**Records drawn from a dataset:**
=== Section Start ===

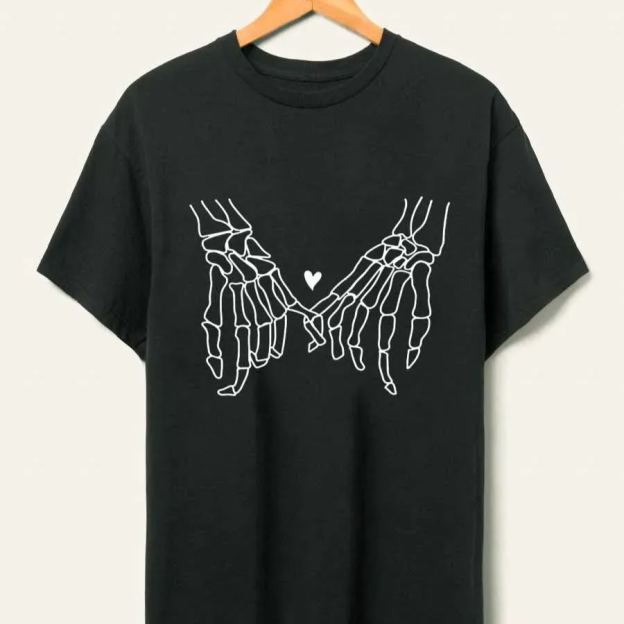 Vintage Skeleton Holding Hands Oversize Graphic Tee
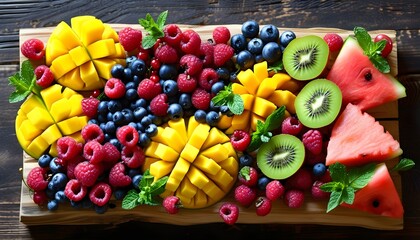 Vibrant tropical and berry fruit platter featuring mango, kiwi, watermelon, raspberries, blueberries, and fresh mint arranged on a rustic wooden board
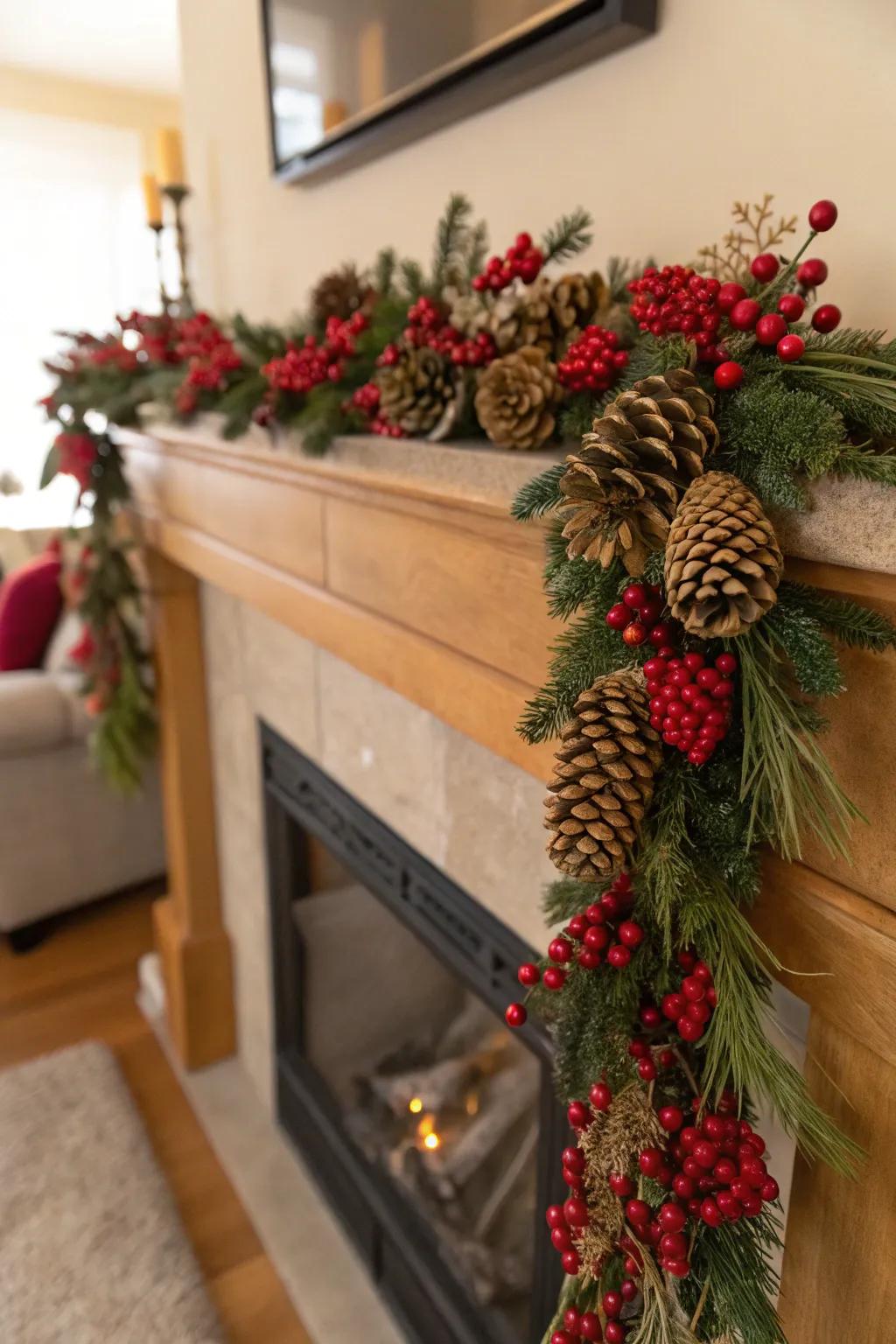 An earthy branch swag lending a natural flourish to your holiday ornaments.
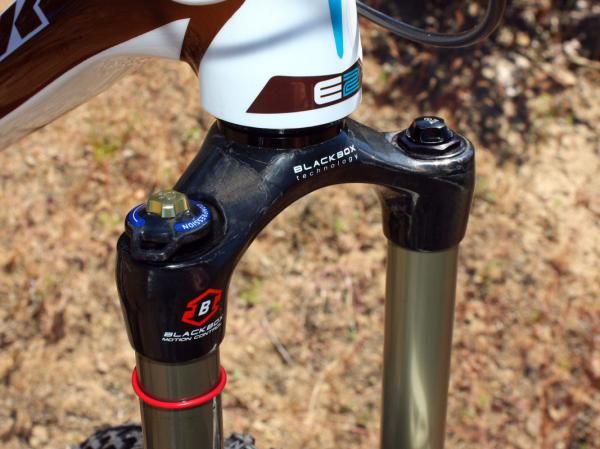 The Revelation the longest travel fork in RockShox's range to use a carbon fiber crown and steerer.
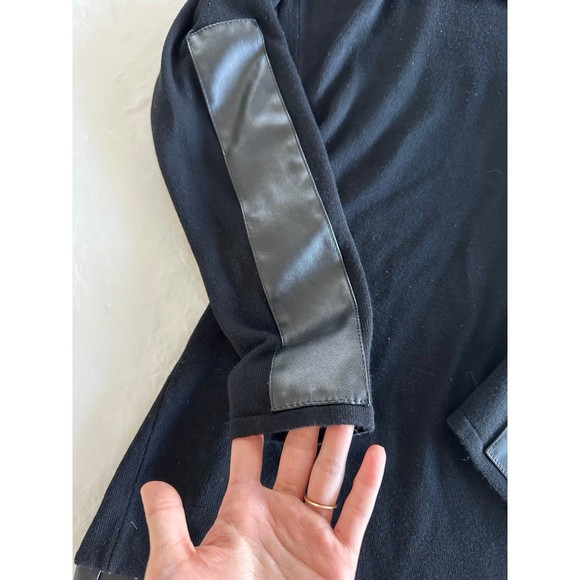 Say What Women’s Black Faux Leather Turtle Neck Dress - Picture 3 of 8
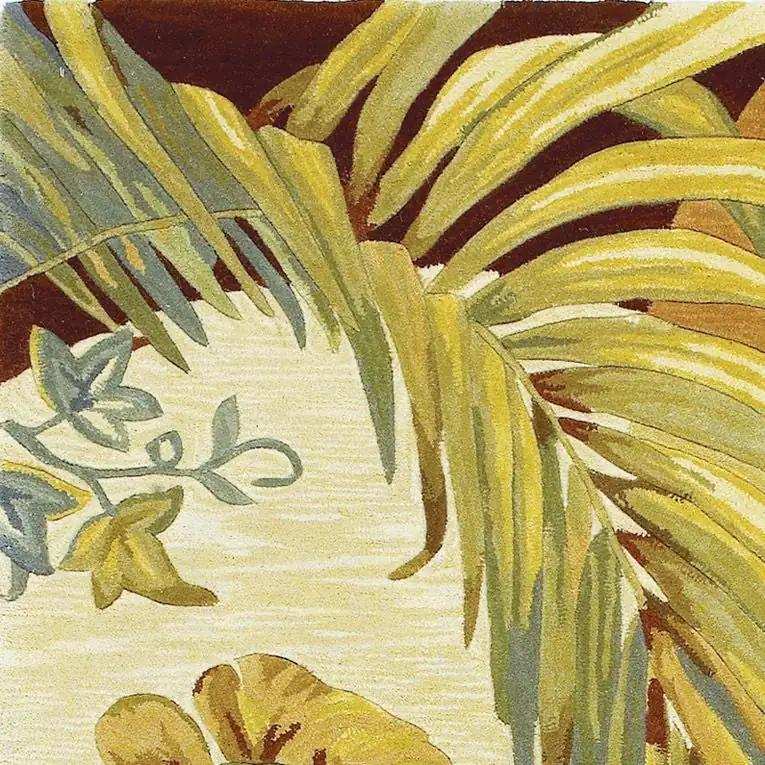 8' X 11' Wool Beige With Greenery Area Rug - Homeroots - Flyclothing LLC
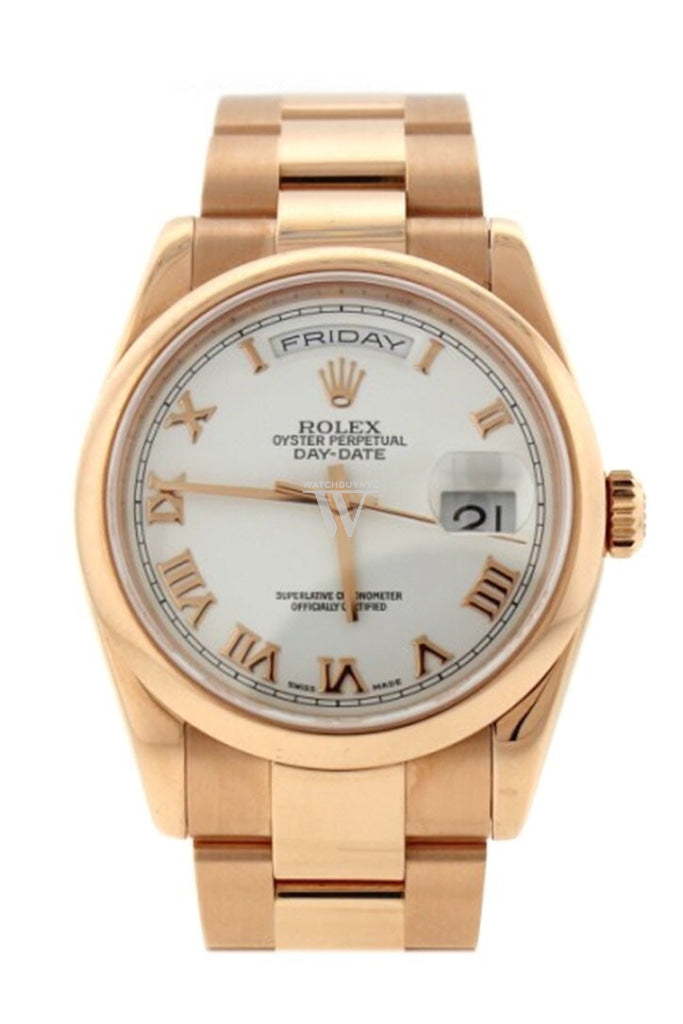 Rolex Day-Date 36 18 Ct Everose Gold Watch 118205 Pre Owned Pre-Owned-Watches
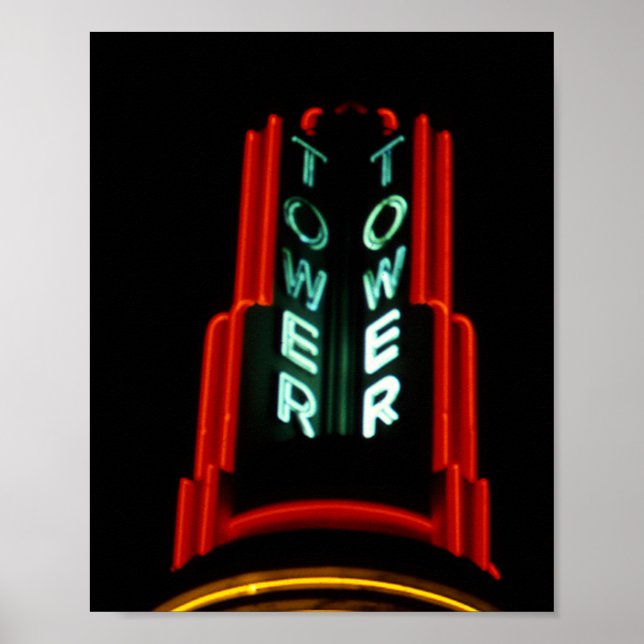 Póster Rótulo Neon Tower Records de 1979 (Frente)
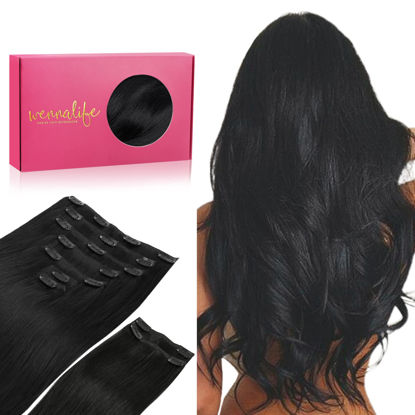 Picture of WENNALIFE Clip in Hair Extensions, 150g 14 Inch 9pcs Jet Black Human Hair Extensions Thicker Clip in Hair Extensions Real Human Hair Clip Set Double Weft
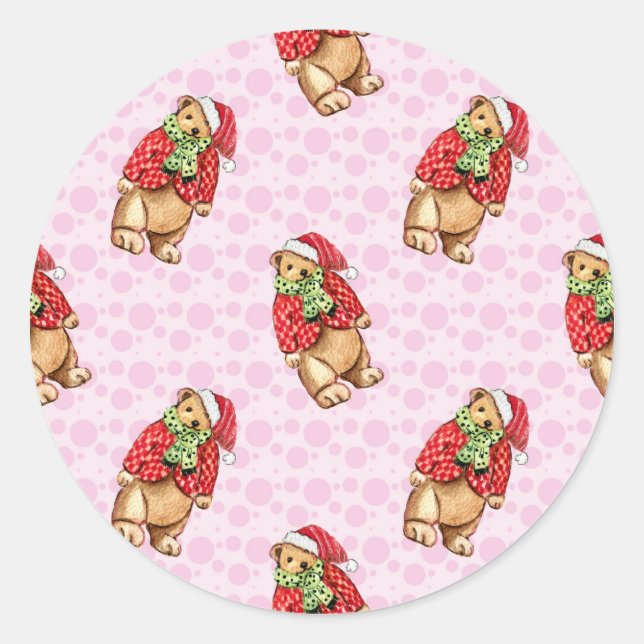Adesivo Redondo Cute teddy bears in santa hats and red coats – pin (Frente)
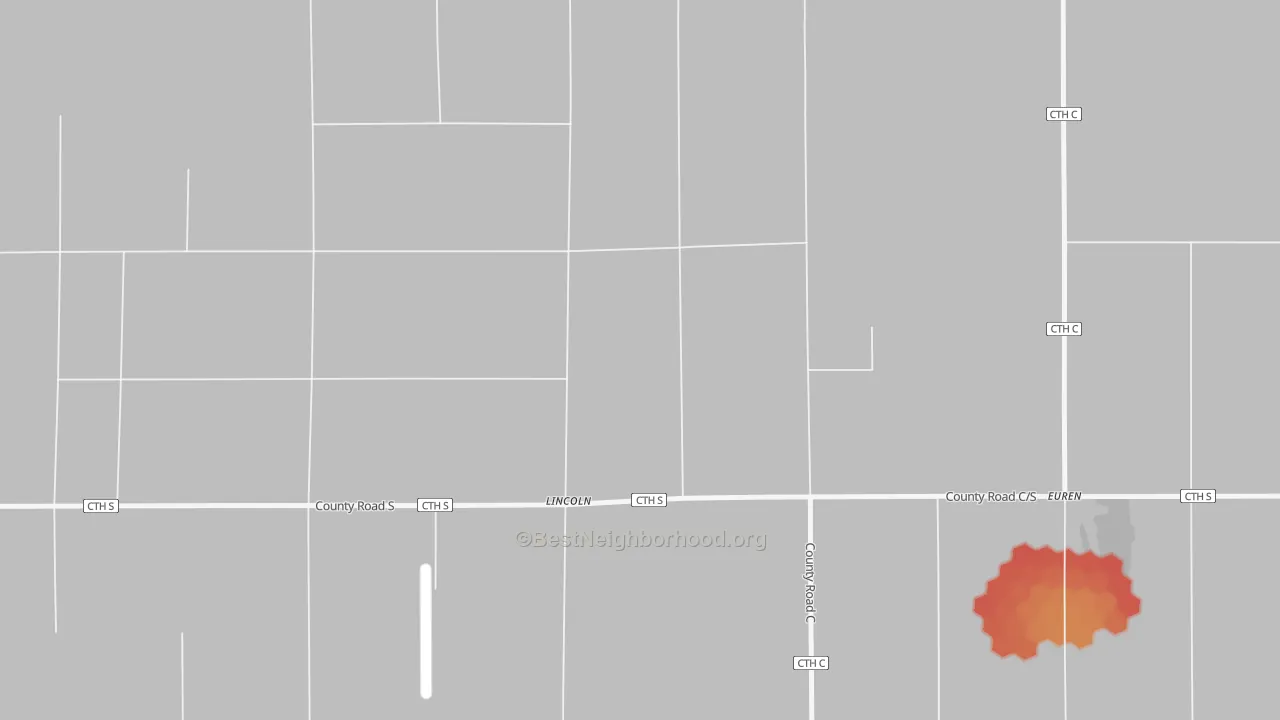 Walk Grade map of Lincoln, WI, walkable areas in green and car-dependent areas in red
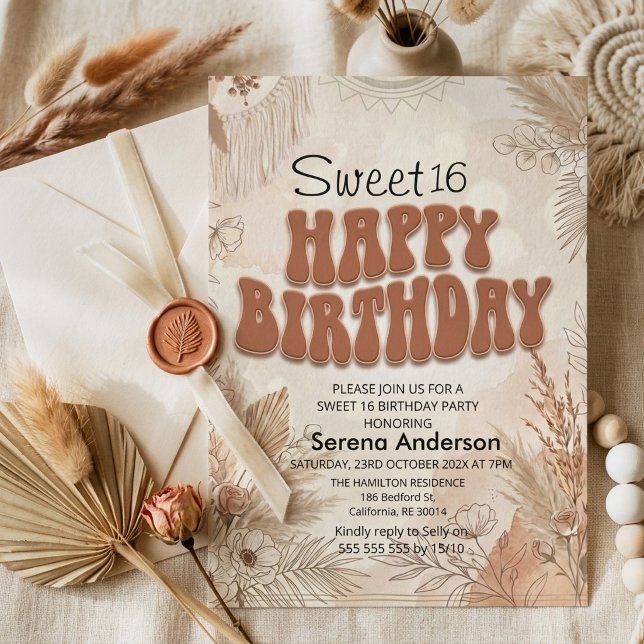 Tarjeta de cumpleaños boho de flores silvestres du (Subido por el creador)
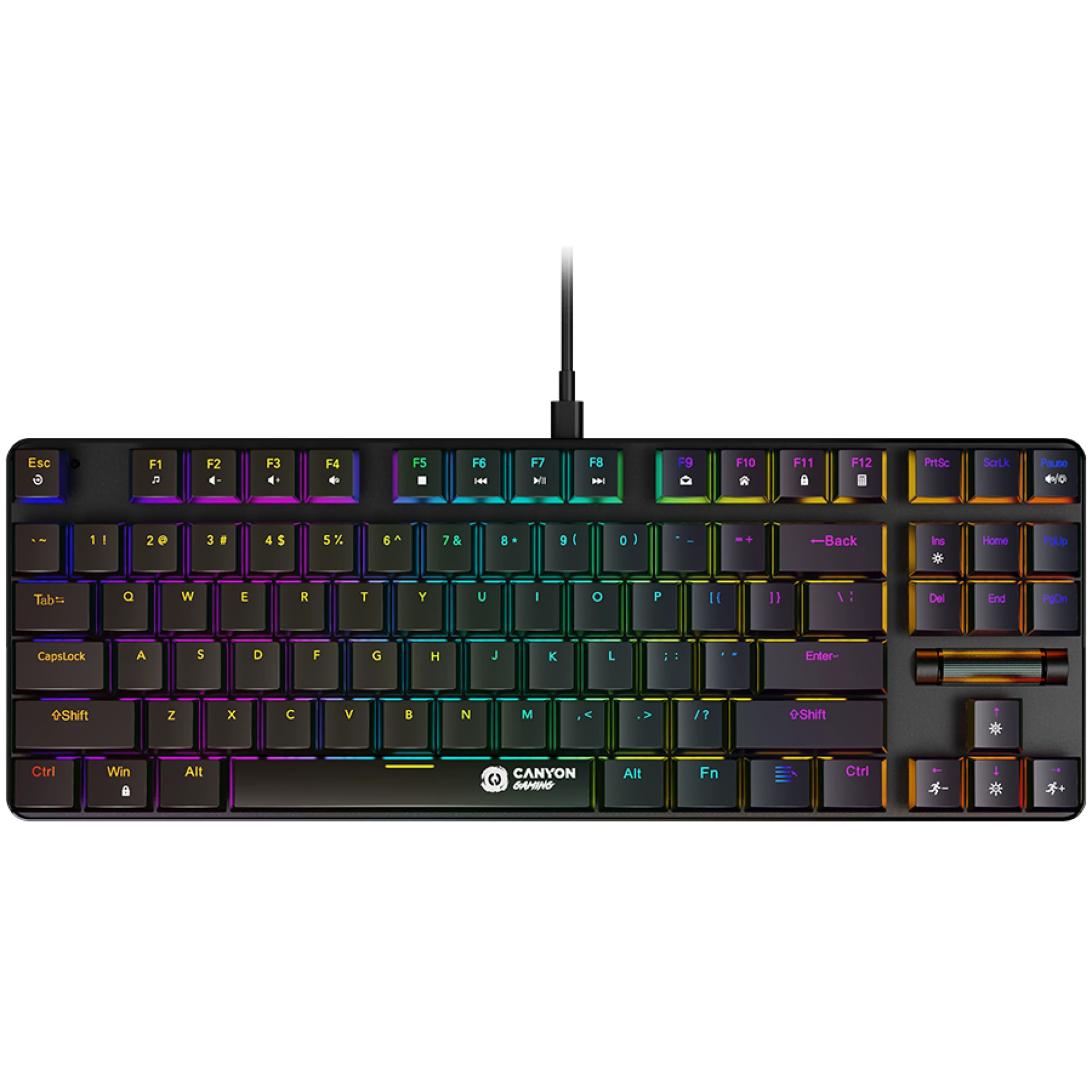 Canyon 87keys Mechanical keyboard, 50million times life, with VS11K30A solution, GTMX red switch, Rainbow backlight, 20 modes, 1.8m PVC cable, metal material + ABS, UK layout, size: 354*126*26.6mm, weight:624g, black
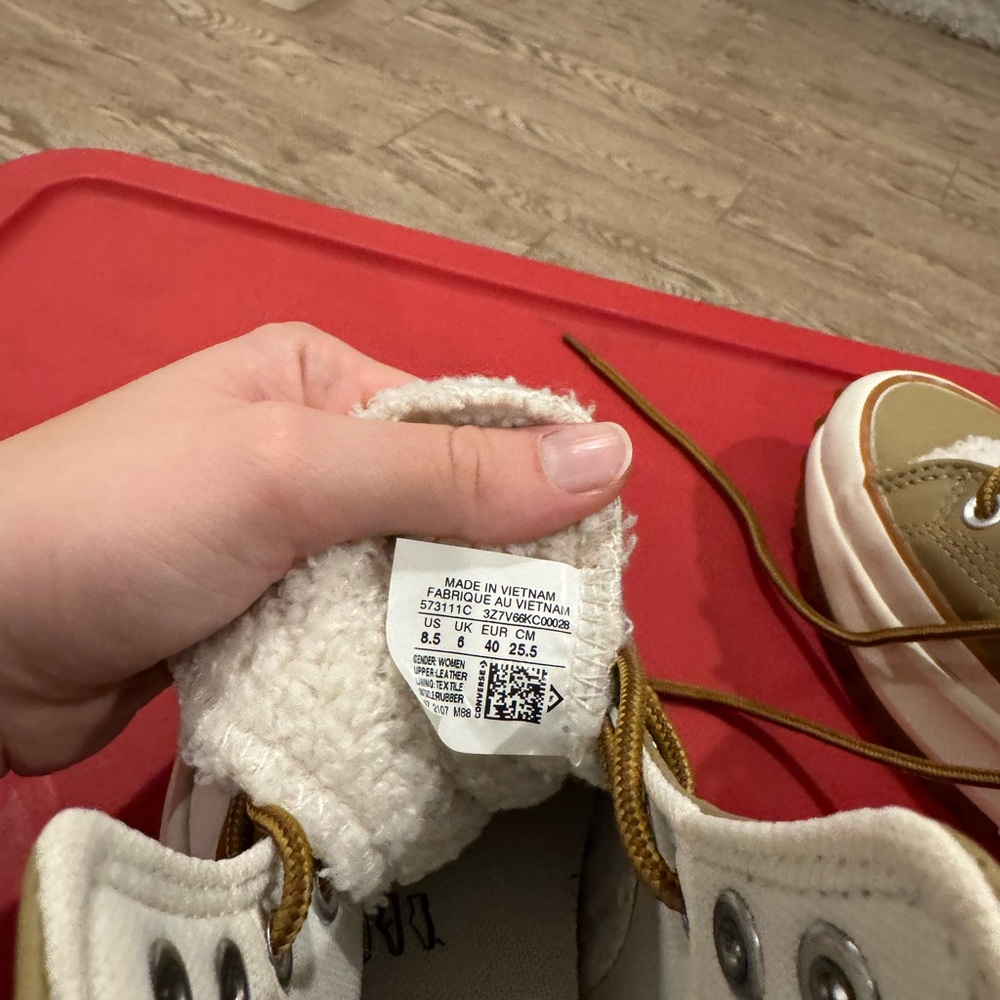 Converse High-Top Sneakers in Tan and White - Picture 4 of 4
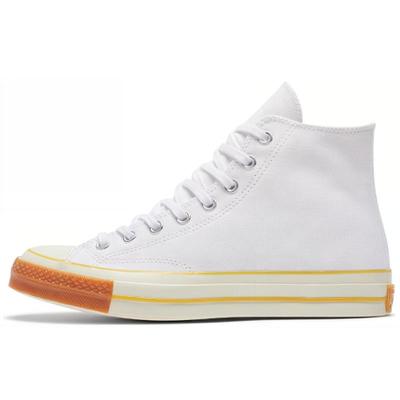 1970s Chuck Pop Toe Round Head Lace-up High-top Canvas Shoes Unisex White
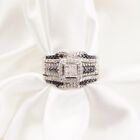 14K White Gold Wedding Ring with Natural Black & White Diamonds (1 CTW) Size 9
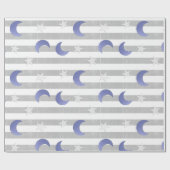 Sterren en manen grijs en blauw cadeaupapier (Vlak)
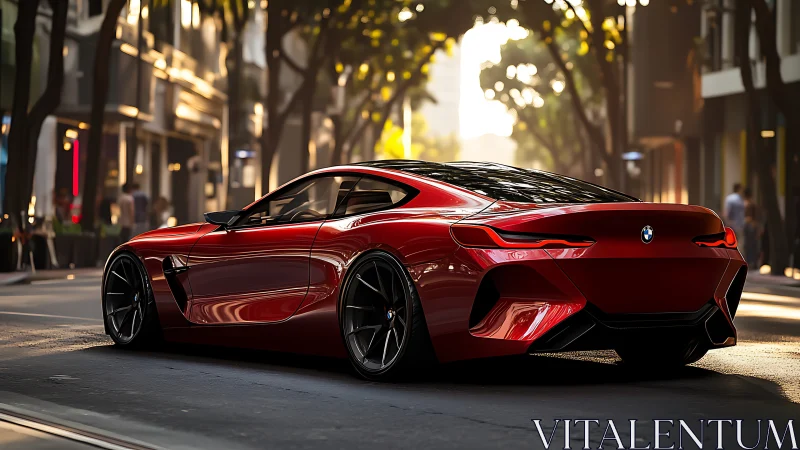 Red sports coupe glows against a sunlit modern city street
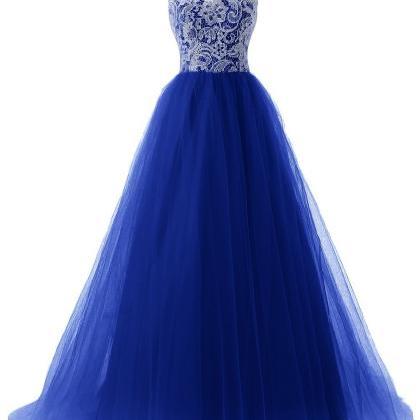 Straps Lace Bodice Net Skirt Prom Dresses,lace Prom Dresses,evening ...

=== Section End ===

**Exercise instructions:** The answer should be the records above, unchanged, with the pictures omitted.

**Final answer:**
 Vintage Skeleton Holding Hands Oversize Graphic Tee
 Vibrant tropical and berry fruit platter featuring mango, kiwi, watermelon, raspberries, blueberries, and fresh mint arranged on a rustic wooden board
 An earthy branch swag lending a natural flourish to your holiday ornaments.
 The Revelation the longest travel fork in RockShox's range to use a carbon fiber crown and steerer.
 Say What Women’s Black Faux Leather Turtle Neck Dress - Picture 3 of 8
 8' X 11' Wool Beige With Greenery Area Rug - Homeroots - Flyclothing LLC
 Rolex Day-Date 36 18 Ct Everose Gold Watch 118205 Pre Owned Pre-Owned-Watches
 Póster Rótulo Neon Tower Records de 1979 (Frente)
 Picture of WENNALIFE Clip in Hair Extensions, 150g 14 Inch 9pcs Jet Black Human Hair Extensions Thicker Clip in Hair Extensions Real Human Hair Clip Set Double Weft
Adesivo Redondo Cute teddy bears in santa hats and red coats – pin (Frente)
 Walk Grade map of Lincoln, WI, walkable areas in green and car-dependent areas in red
 Tarjeta de cumpleaños boho de flores silvestres du (Subido por el creador)
 Canyon 87keys Mechanical keyboard, 50million times life, with VS11K30A solution, GTMX red switch, Rainbow backlight, 20 modes, 1.8m PVC cable, metal material + ABS, UK layout, size: 354*126*26.6mm, weight:624g, black
 Converse High-Top Sneakers in Tan and White - Picture 4 of 4
 1970s Chuck Pop Toe Round Head Lace-up High-top Canvas Shoes Unisex White
 14K White Gold Wedding Ring with Natural Black & White Diamonds (1 CTW) Size 9
 Sterren en manen grijs en blauw cadeaupapier (Vlak)
 Red sports coupe glows against a sunlit modern city street
 Straps Lace Bodice Net Skirt Prom Dresses,lace Prom Dresses,evening ...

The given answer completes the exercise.